Pseudohynobius puxiongensis (Fei & Ye, 2000)
The animal is not easy to find. Data are insufficient to make a statement about its status (IUCN, 2010). Only recently rediscovered, this species is apparently rare. No more than 300 adults were discovered in a three-year survey (Xiong et al., 2011). It is threatened by habitat fragmentation and destruction by grazing.
Vomerine teeth arranged in two short arched series. Premaxillary fontanelle usually small (Peng et al., 2010), but the holotype has no premaxillary fontanelle (Fei & Ye, 2000). No labial folds; no cornified coverings on palms and soles. 13 costal grooves. Upper side uniformly grayish brown, underside dark grey. Inconspicuous dark yellow spots present on dorsal side of tail (Fei & Ye, 2000; Xiong et al., 2011).
Karyotype:
2n=52, 1M, 2ST, 3SM, 4SM, 5M, 6ST, 7M, 8SM, 9SM, 10T, 11SM, 12M, 13M, m (14–26), from Xiong et al. (2011).
The mitochondrial genome has been sequenced by Peng et al. (2010).
Pseudohynobius puxiongensis differs from P. flavomaculatus and P. guizhouensis by having a distinct yellowish line on the dorsal tail and a shorter total length; from P. shuichengensis by having yellow dorsal spots; from P. kuankuoshuiensis by nearly rounded dorsal spots; from P. jinfo by a tail length shorter than snout-vent length (Xiong et al., 2011.
Slender body form; trunk cylindrical, slightly depressed. Head slightly flattened. No labial fold. Vomerine teeth in two short obliquely arched series, almost meeting in midline. Gular fold distinct. The holotype records an internasal bone, which was considered as a primitive character only observed in extinct ancestral amphibians (Fei et al., 2006). However, specimens rediscovered 45 years later show no sign of an internasal bone, and the holotype was considered as a case of rare individual variation (Peng et al., 2010). Similarly, the holotype has no premaxillary fontanelle, which is present in rediscovered specimens (Peng et al., 2010). Tail shorter than snout vent length. 13 costal grooves (Xiong et al., 2011 recorded only 11 costal grooves). Four fingers, five toes. No horny cover on palms and soles. Dorsal fin fold low. Skin smooth (Fei & Ye, 2000). Upper side gray-yellow, mottled with yellowish spots, underside generally grey. A distinct yellowish line presence on the dorsal side of tail (Xiong et al., 2011).
All measurements are from Fei & Ye (2000).
Male (holotyepe). Total length: 133 mm; snout-vent length: 71.4 mm; Head length: 16.8 mm; Head width: 11.3 mm; forelimb length: 19.7 mm; hind-limb length: 20.8 mm.
Pseudohynobius puxiongensis was described as Protohynobius puxiongensis on the basis of a single specimen collected in 1965 (Fei & Ye, 2000). Because the specimen has an internasal bone, it was thought to retain a primitive character lost by a common ancestor of all other hynobiid salamanders, and it was thus considered to be not only a new genus, but also a new subfamily Protohynobiinae (Fei & Ye, 2000). Rediscovery of living individuals of P. puxiongensis near the type locality in 2008-2009 showed that the rediscovered specimens were identical to the original description, except for the presence of the internasal bone and the absence of the premaxillary fontanelle observed in the holotype, which could be just an individual variation. Investigation of the complete mitochondrial genome led to the conclusion that P. puxiongensis was nested within the hynobiid family and was most closely related to the group of Pseudohynobius species. Consequently, Peng et al. (2010) included Protohynobius in the synonymy of the genus Pseudohynobius.
It is only known from the type locality Puxiong and its immediate surroundings, in Yuexi County, Sichuan Province, China (Fei & Ye, 2000; Peng et al., 2010).

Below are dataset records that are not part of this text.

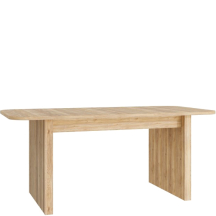 Stół rozkładany 180x90 cm TBLT7128-D108 FORMSWIFT Podstawowe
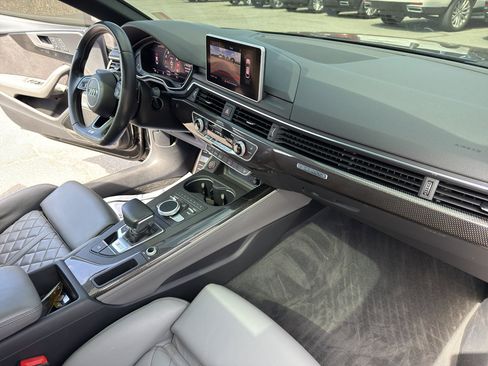 Used 2018 Audi S5 Prestige w/ S Sport Package image 34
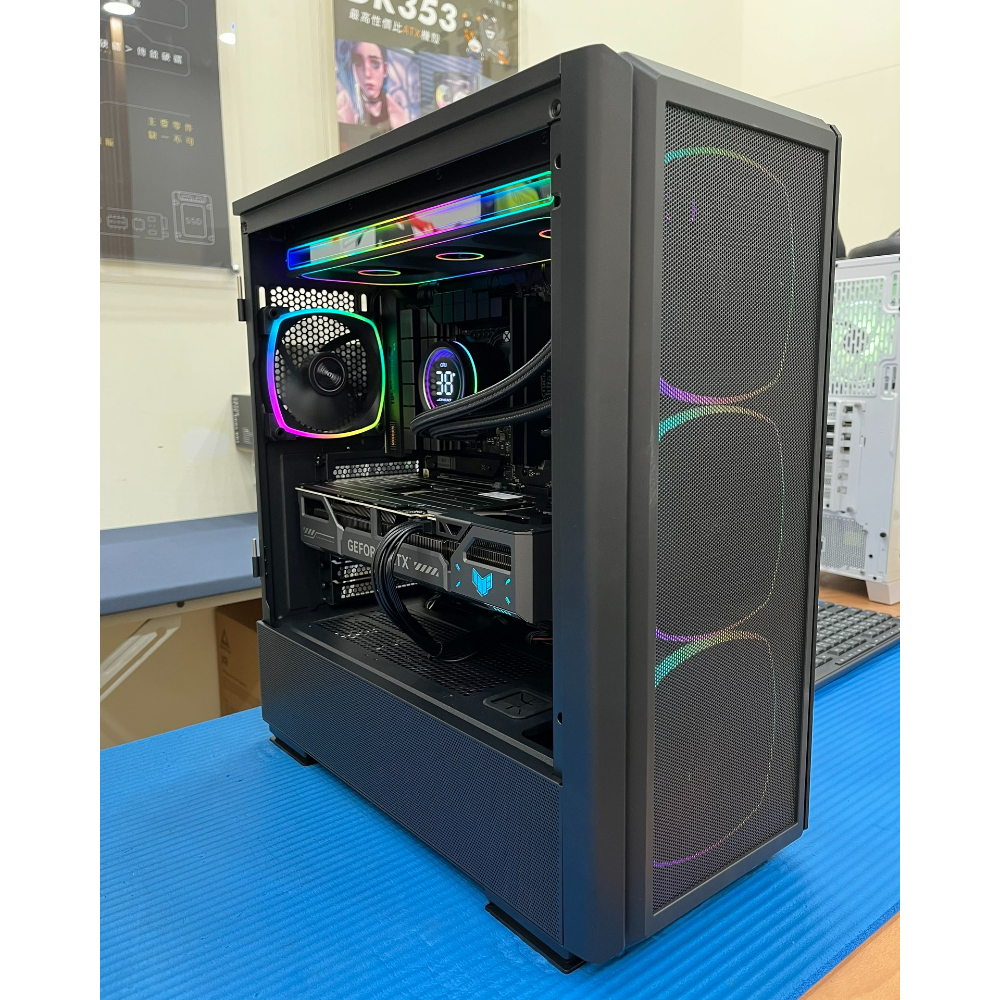 客製化 87 (I7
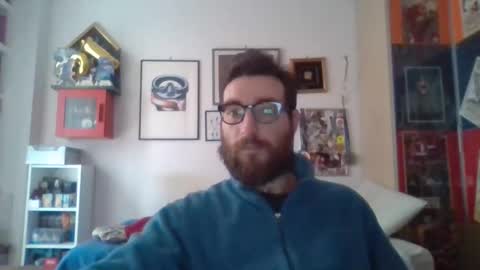 Vale The Sparky online show from February 19, 9:16 am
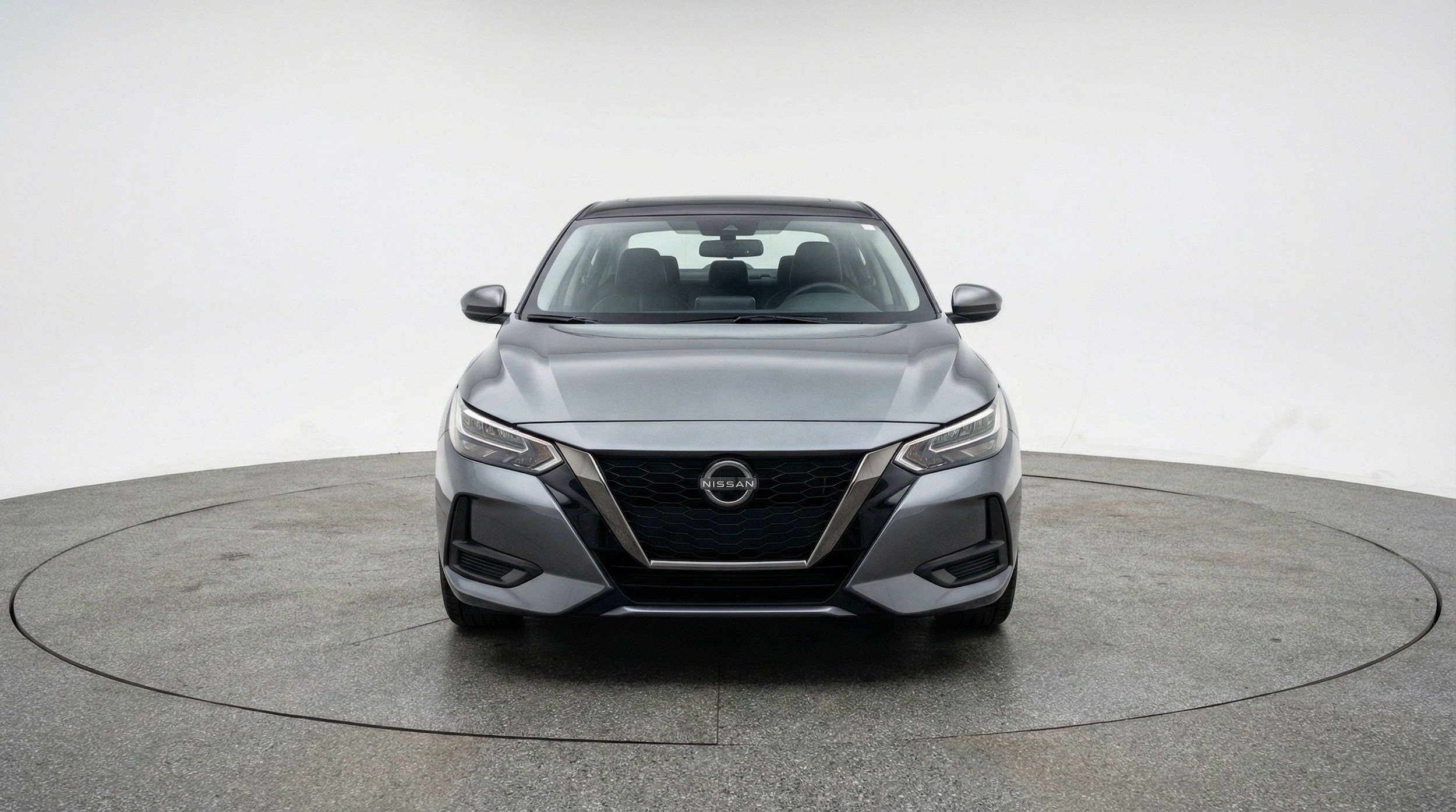 Thumbnail: 2025 Nissan Sentra - 2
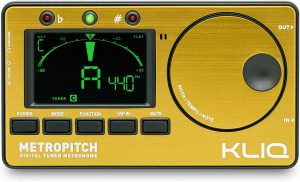 digital metronome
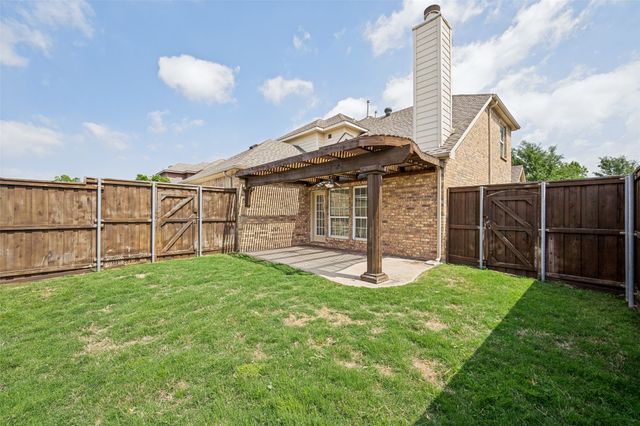 13075 Janet Drive, Frisco, TX 75033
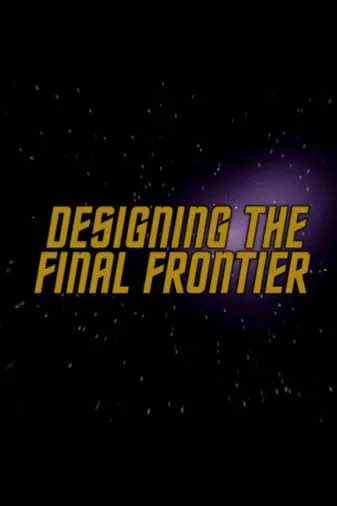D.C. Fontana interpreta a Herself en Designing the Final Frontier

This salamander normally lives on land, in and around mountain streams at 2,900 m (Peng et al., 2010). Lush bamboo and shrubs cover the stream (Xiong et al., 2011). The salamanders are always found in the upper parts of small mountain brooks that originate from springs. Batrachuperus pinchonii, Bufo gargarizans and Bombina maxima coexist with this species (Fei & Ye, 2000).
Breeding season likely is from March to the end of April or even longer (Xiong et al., 2011). The pair of egg sacs is coiled in a spiral shape and attached to under surfaces of stones or to a wall of cavities. The eggs are arranged in the egg sac in a single line or interlaced (Peng et al., 2010). Larval coloration in life: dorsal side flaxen, mottled with black brownish spots; ventral side gray; tail fin silver white (Xiong et al., 2011).